Scandal has been handled very well
Beneath the shock and drama, show was always about people acting out of complex desires
It’s handled. Thursday night we say goodbye to Olivia Pope (Kerry Washington), her gladiators on Scandal and all the fruit analogies that have been used to describe its seven seasons: juicy, pulpy, seedy, ripe.
No more purposeful slo-mo walks shot in black and white. No more belted coats — for a woman on the run, Olivia sure chose complicated outerwear. No more OMG murders — is there a major
Scandal character who hasn’t committed murder?
No more suspect photos slapped onto the artfully cracked glass wall in Olivia’s office. (My favourite parody of Scandal was the SNL sketch with Lena Dunham as Olivia’s new intern, who kept squealing, “But where did you get that photo? How do you know his computer password?” And so on.)
There is much discussion this week about the show’s legacy and that’s legit. Show creator Shonda Rhimes wanted TV audiences to get comfortable with seeing women in power onscreen and especially women of colour. Mission accomplished. (“How does it feel to be the most powerful person in the world?” Cyrus asked Olivia. “It feels right,” she replied.)
Then there’s this: Olivia rigged an election and had an abortion, and there was a lot more gasping about the former.
Washington killed every moment, pushing the drama in her moist eyes and quivering lips right to the brink, then holding it there. She also popularized the practice of casts participating in the live-Tweeting of episodes and that was a gas — it was like being in a movie theatre during a thriller, yelling at the screen and having the actors answer back.
The show descended into absurdity rather frequently. Olivia running across the White House lawn to kiss her lover, departing president Fitzgerald Grant (Tony Goldwyn), just before he hops onto the helicopter, in front of hordes of reporters?
Puh-leeze.
It was a hoot to watch Papa Pope (Joe Morton) shout and Cyrus (Jeff Perry) scheme, but — don’t hate me — I hope that Katie Lowes, Guillermo Diaz, Darby Stanchfield and yes, even Bellamy Young (who play, respectively, Quinn, Huck, Abby and Mellie) have built shrines to the acting lottery gods, because they got soooo lucky.
Under all the scandals, Scandal was about something really interesting: People are a mess.
We have contradictory desires and intentions. Sometimes we act and, even when we’re certain we understand why, we realize later that we didn’t have a clue. And so far — fingers crossed this holds into the finale — Rhimes doesn’t alleviate her characters’ guilt and shame. She doesn’t redeem them. Instead, she shows us how they live with it, which in the end is more humane.

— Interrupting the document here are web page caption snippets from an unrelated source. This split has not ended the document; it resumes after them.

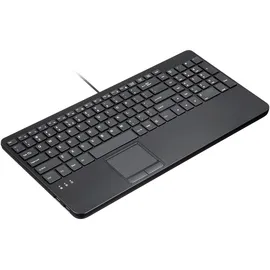 Perixx PERIBOARD-534 H DE, Kabelgebundene USB Tastatur - mit Touchpad und 2x Hub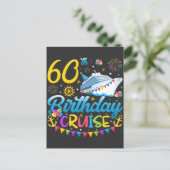 Verjaardagscruise 60 B-Day Feest Briefkaart (Staand voorkant)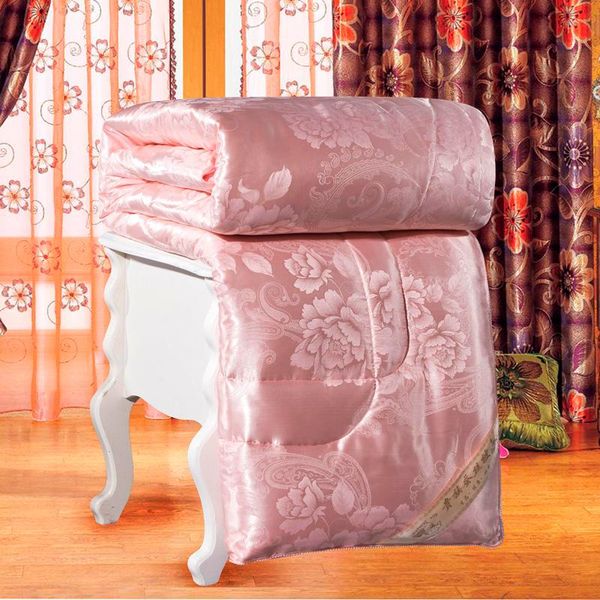 

jacquard silk quilt summer air-conditioning blanket duvet filler for bed thin bedspread home textiles comforters & sets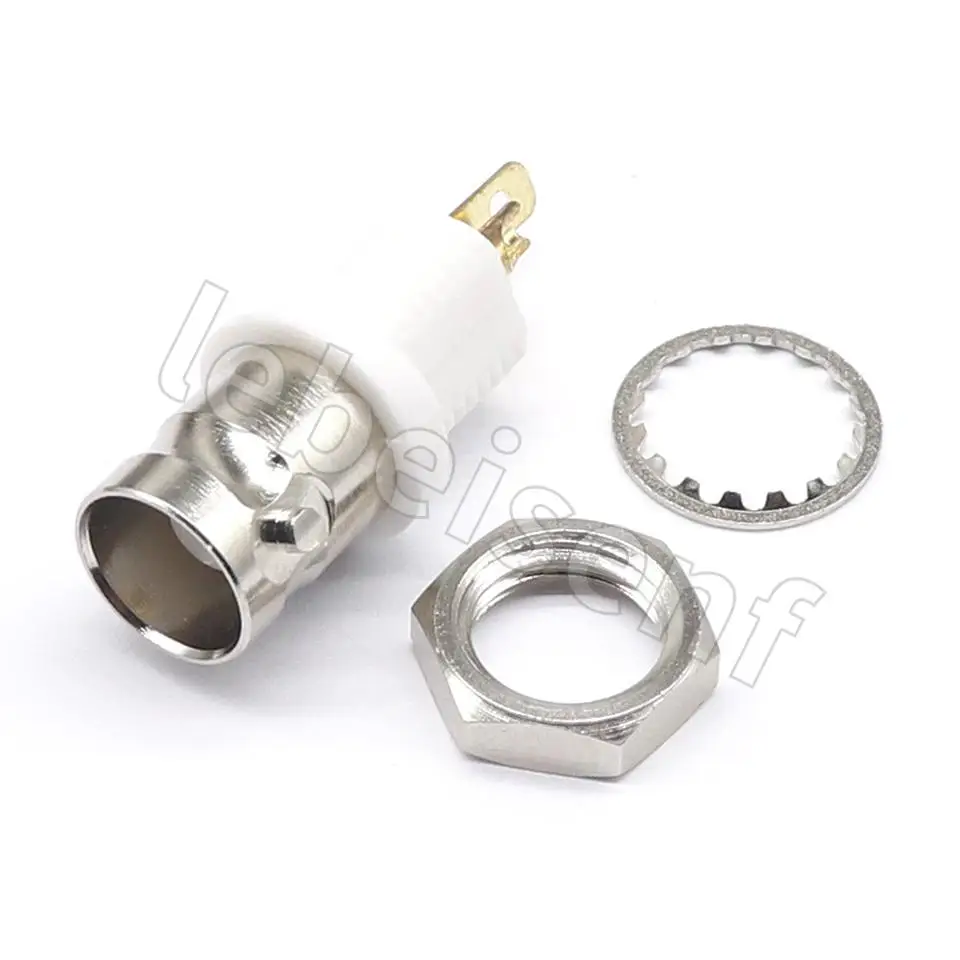 1/5/10pcs 50 ohm BNC-KY insulated white glue BNC socket Q9 female head welding panel bnc female head connector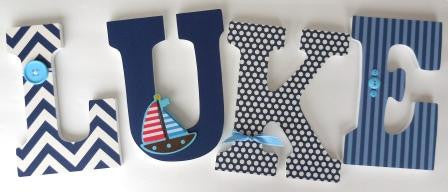 Nautical Letter Set - Nursery Décor for Boys - LetterLuxe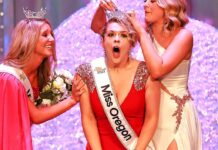 Allison Burke, center, is crowned during the 2023 Miss Oregon competion held in Seaside, Oregon.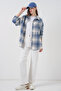 Women's Plaid Pattern Oversized Lumberjack Shirt 3854 Baby Blue - 2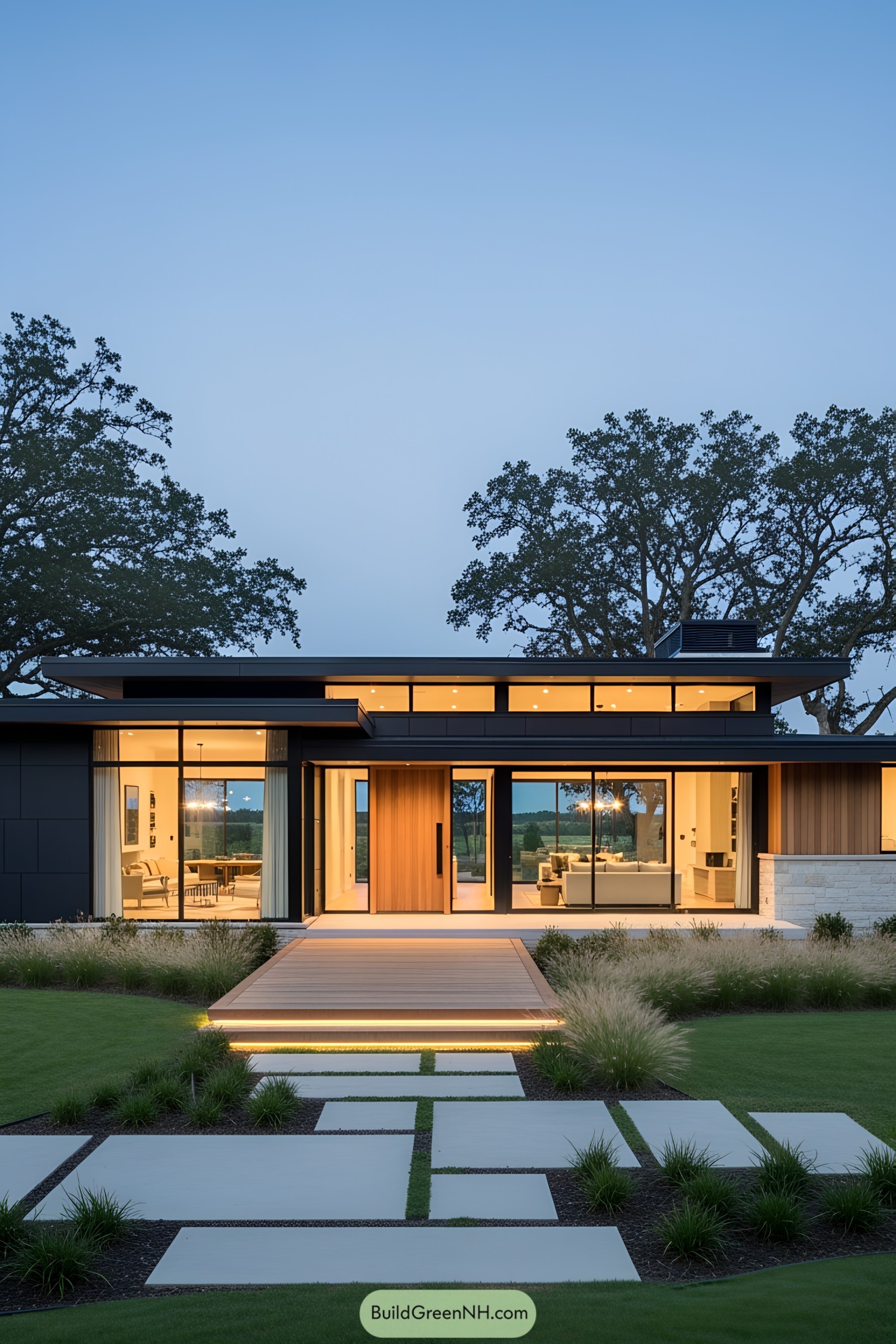 Contemporary ranch house with large windows and modern design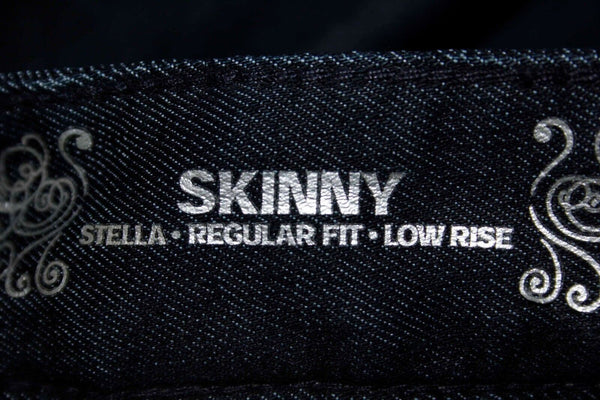 Express Stella Sz 0R x 33 Dark Blue Denim Skinny Leg Whisker Distress Jeans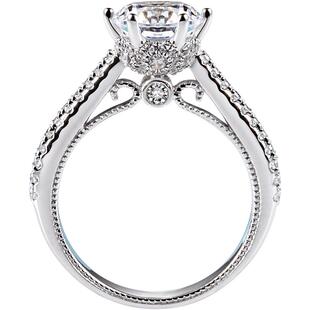 朱诺赫拉18k金1克拉仿真钻石戒指女镂花立体刻珠定制优雅情人礼物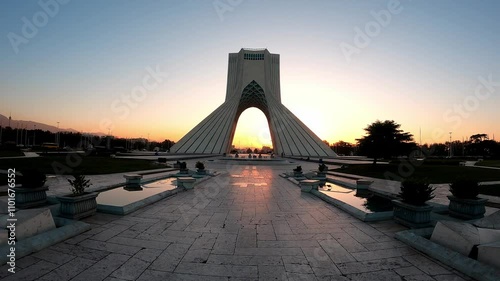 Azadi Tower or Freedom Tower formerly known as the Shahyad Tower at dawn in Tehran, Iran.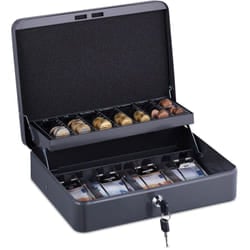 Relaxdays - Cassetta con Serratura, Porta Soldi per Banconote, con Scomparto per Monete, Ferro 8,5x30,5x24,5 cm, Grigio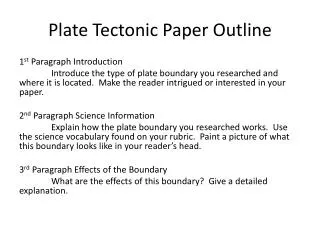 Plate Tectonic Paper Outline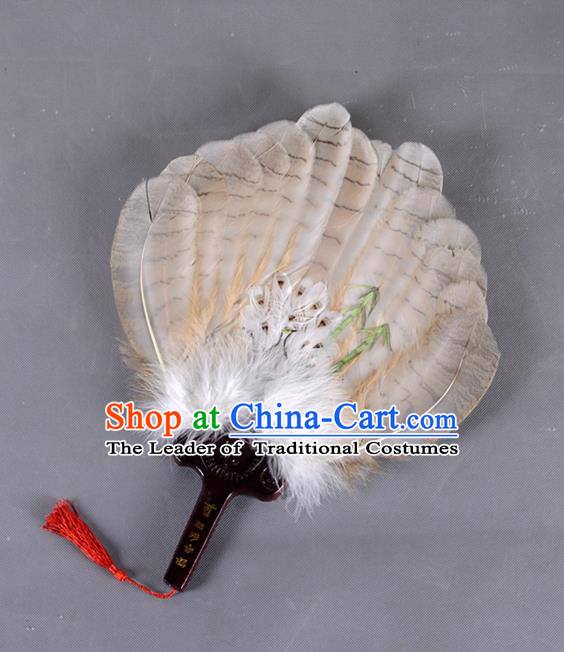 Traditional Chinese Crafts Folding Fan China Brown Eagle Feather Fan Oriental Fan Zhuge Liang Fans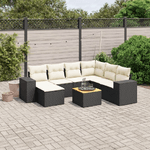 vidaXL Set Divani da Giardino con Cuscini 8 pz Nero in Polyrattan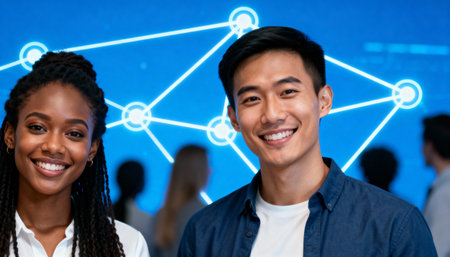 Diverse professionals smiling in front of a digital network interface at a modern technology conference or workplace.の素材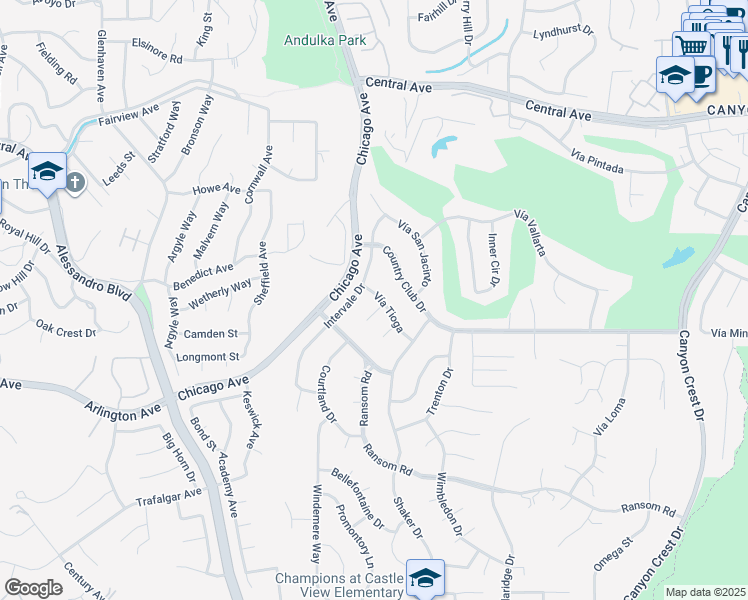 map of restaurants, bars, coffee shops, grocery stores, and more near 1560 Vía Tioga in Riverside
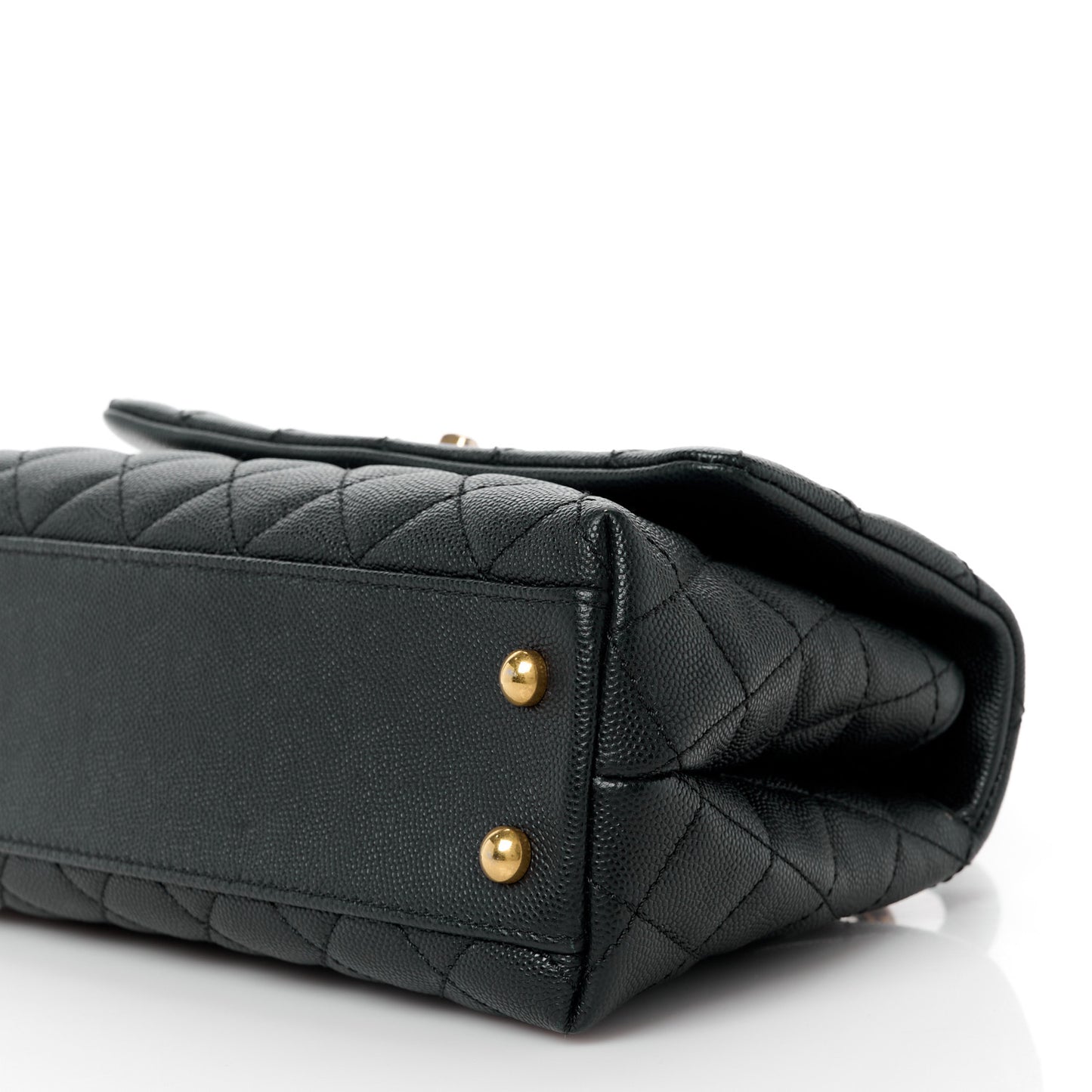 Caviar Quilted Mini Coco Handle Flap Black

One of the show’s mantras is, “Everyone is worth saving,” but it has a pretty open definition of what “saving” means.
Of course, it wouldn’t have been as addictive without that Olivia/Fitz smouldering, and Rhimes may have planted a clue to the finale in an earlier episode. “In the end,” Fitz said as Olivia snuggled in his arms, “it’s going to come down to you and me.” Over a cliff, running full speed. We’ll be watching.